> **WORK INSTRUCTION**: From the listing below, restate word for word the lines from the line containing "Kids Collections 1/40" down through the line containing "Mazda6 bien thanh". Exclude pictures.

> **GIVEN ENTRIES**:
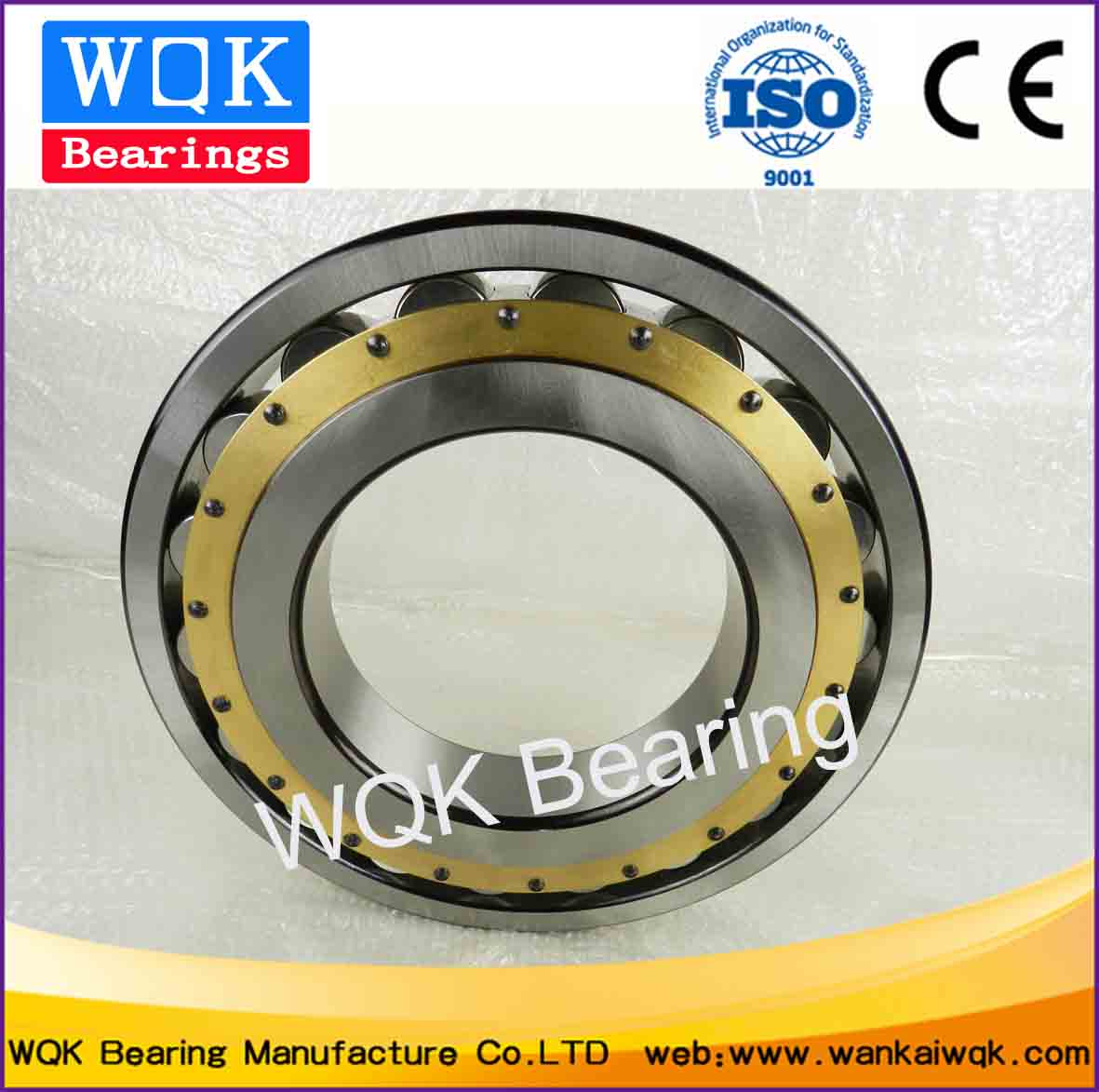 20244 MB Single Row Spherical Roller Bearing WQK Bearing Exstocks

* * *

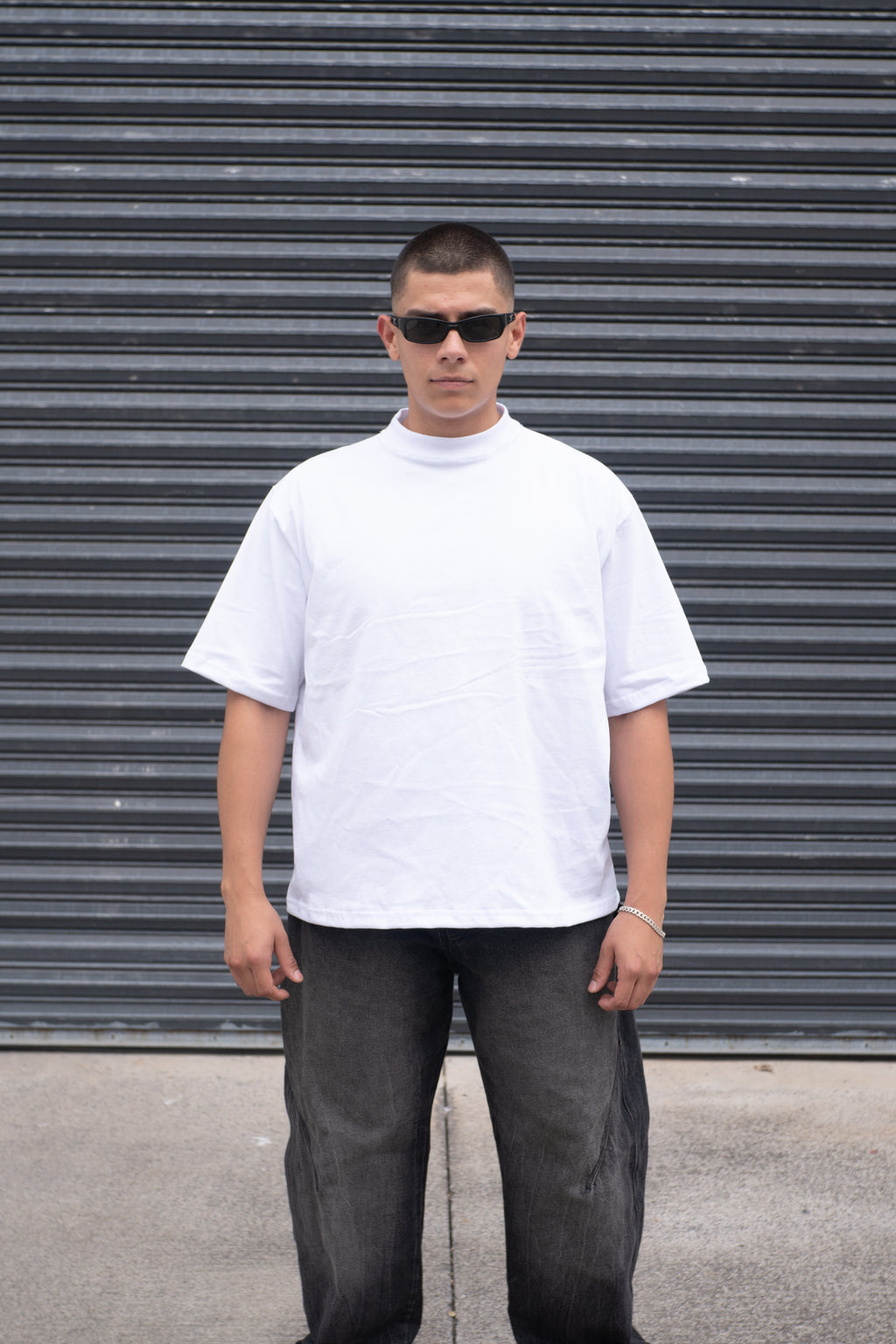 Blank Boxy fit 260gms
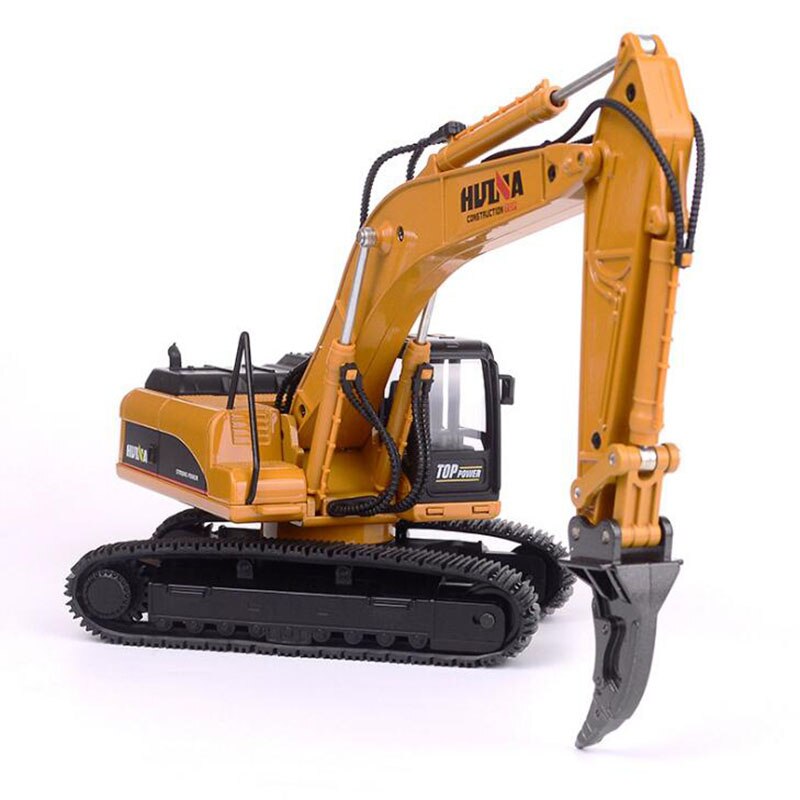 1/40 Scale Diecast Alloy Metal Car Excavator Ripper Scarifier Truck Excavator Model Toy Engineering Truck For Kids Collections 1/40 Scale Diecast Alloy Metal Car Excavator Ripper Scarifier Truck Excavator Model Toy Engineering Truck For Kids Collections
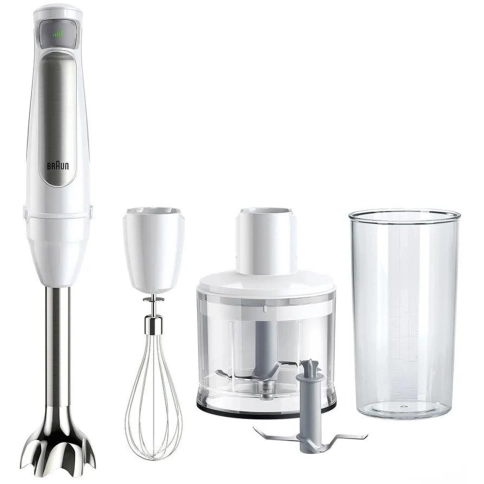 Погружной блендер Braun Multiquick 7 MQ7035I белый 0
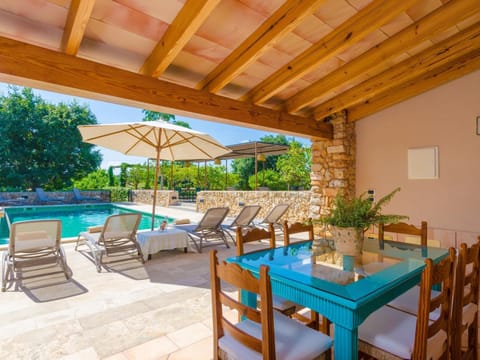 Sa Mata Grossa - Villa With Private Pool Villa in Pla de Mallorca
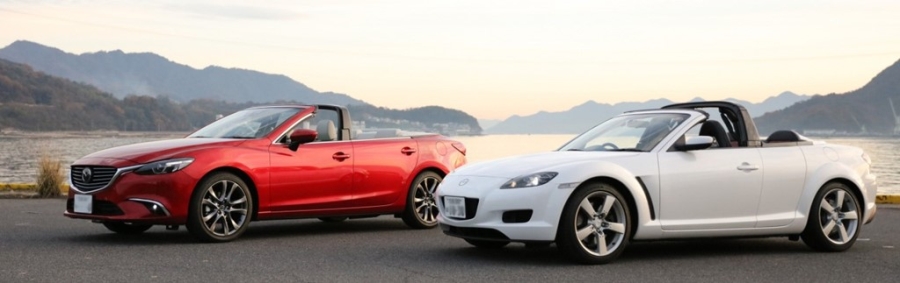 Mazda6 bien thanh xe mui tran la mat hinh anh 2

==

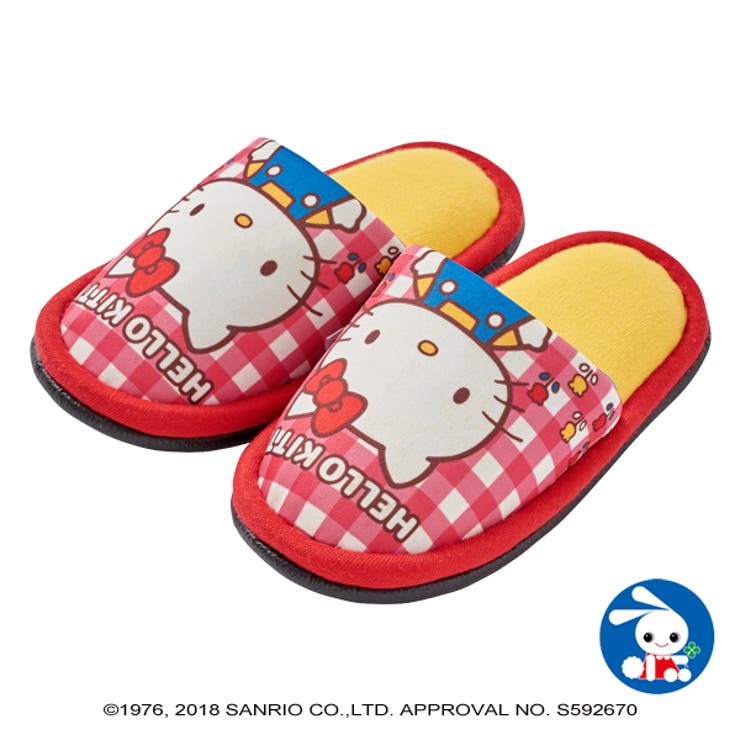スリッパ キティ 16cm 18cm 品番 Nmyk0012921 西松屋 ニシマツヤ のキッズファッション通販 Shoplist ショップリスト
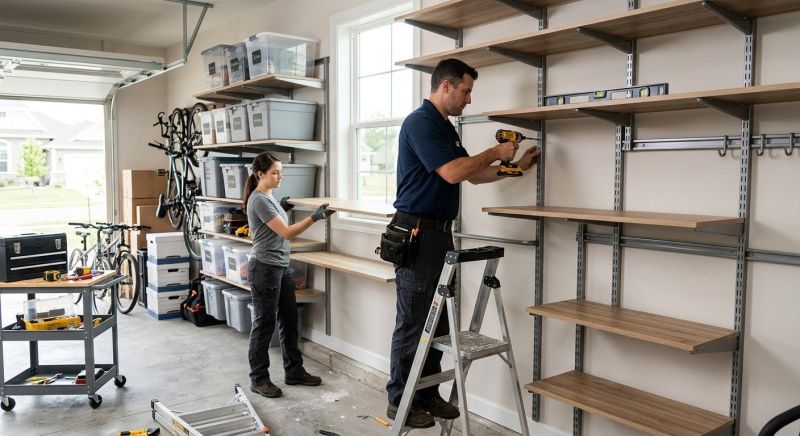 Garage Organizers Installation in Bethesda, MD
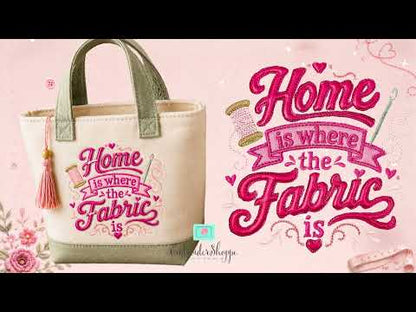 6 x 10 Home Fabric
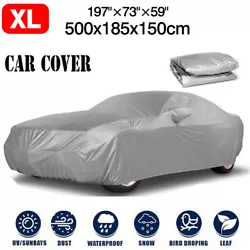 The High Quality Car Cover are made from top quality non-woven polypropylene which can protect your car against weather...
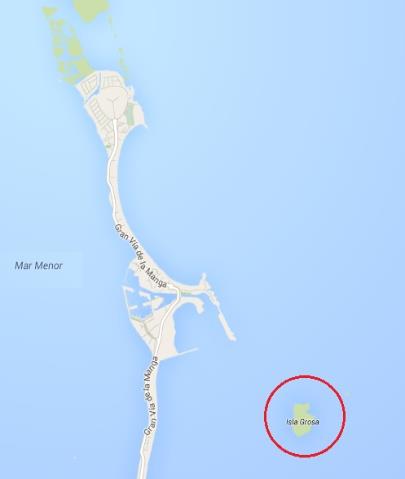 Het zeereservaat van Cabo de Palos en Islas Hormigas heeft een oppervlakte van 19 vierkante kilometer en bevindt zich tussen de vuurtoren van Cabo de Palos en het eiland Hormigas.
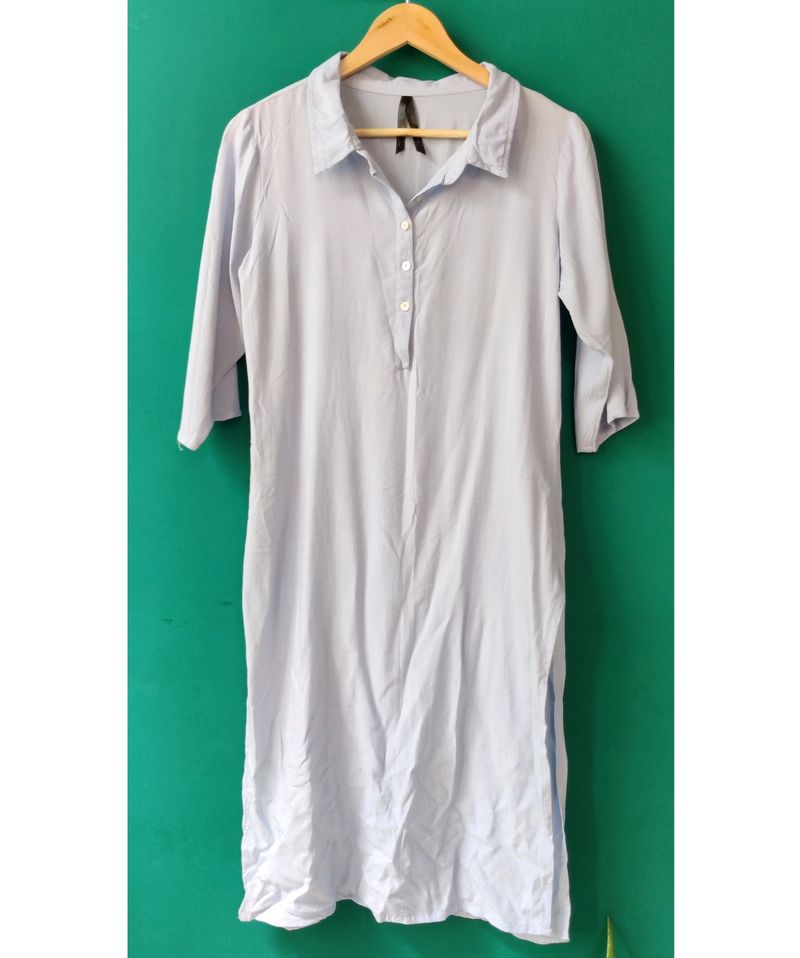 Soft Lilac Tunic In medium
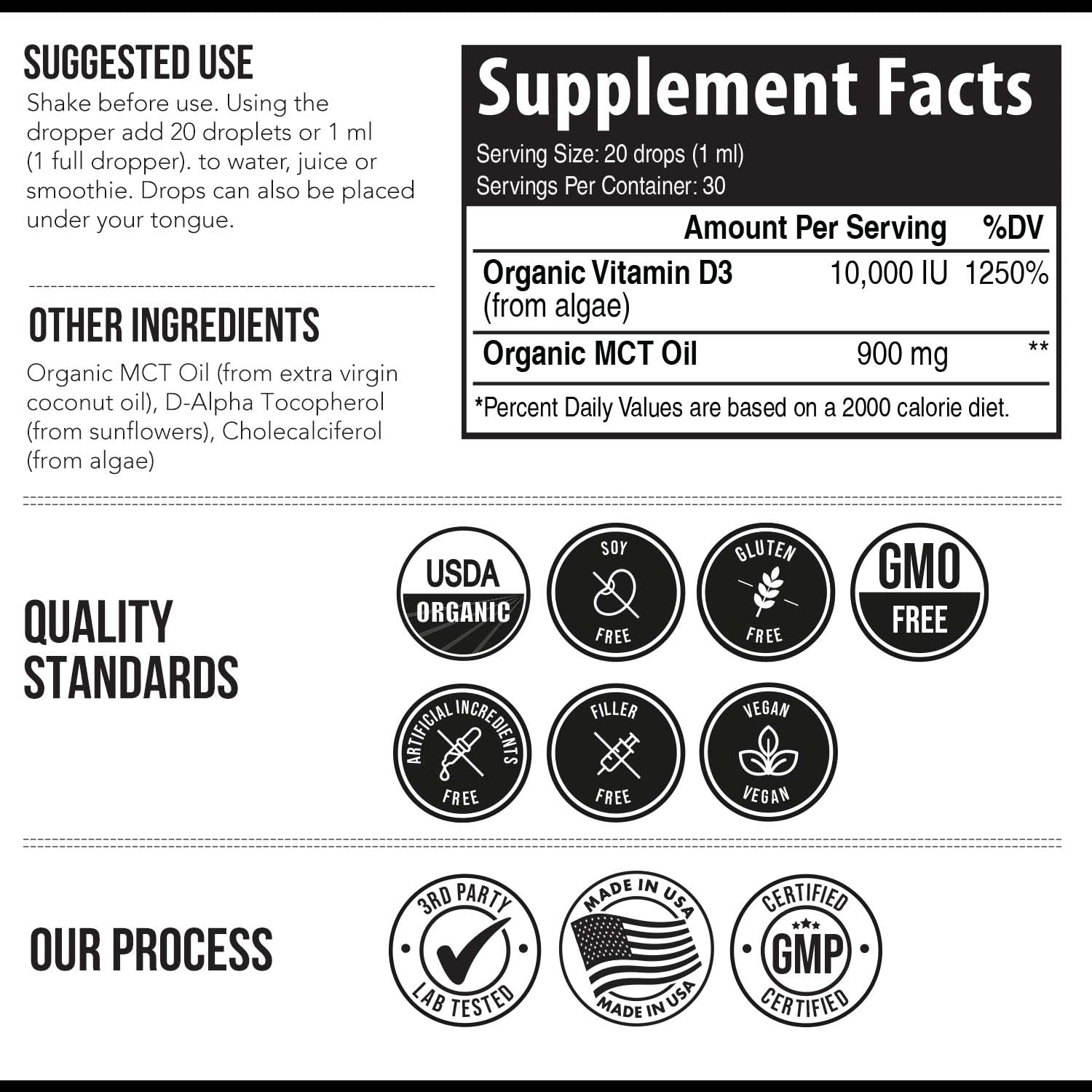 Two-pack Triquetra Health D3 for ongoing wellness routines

> **EXPECTED ANSWER**:
 1/40 Scale Diecast Alloy Metal Car Excavator Ripper Scarifier Truck Excavator Model Toy Engineering Truck For Kids Collections 1/40 Scale Diecast Alloy Metal Car Excavator Ripper Scarifier Truck Excavator Model Toy Engineering Truck For Kids Collections
 Погружной блендер Braun Multiquick 7 MQ7035I белый 0
 Sa Mata Grossa - Villa With Private Pool Villa in Pla de Mallorca
 Mazda6 bien thanh xe mui tran la mat hinh anh 2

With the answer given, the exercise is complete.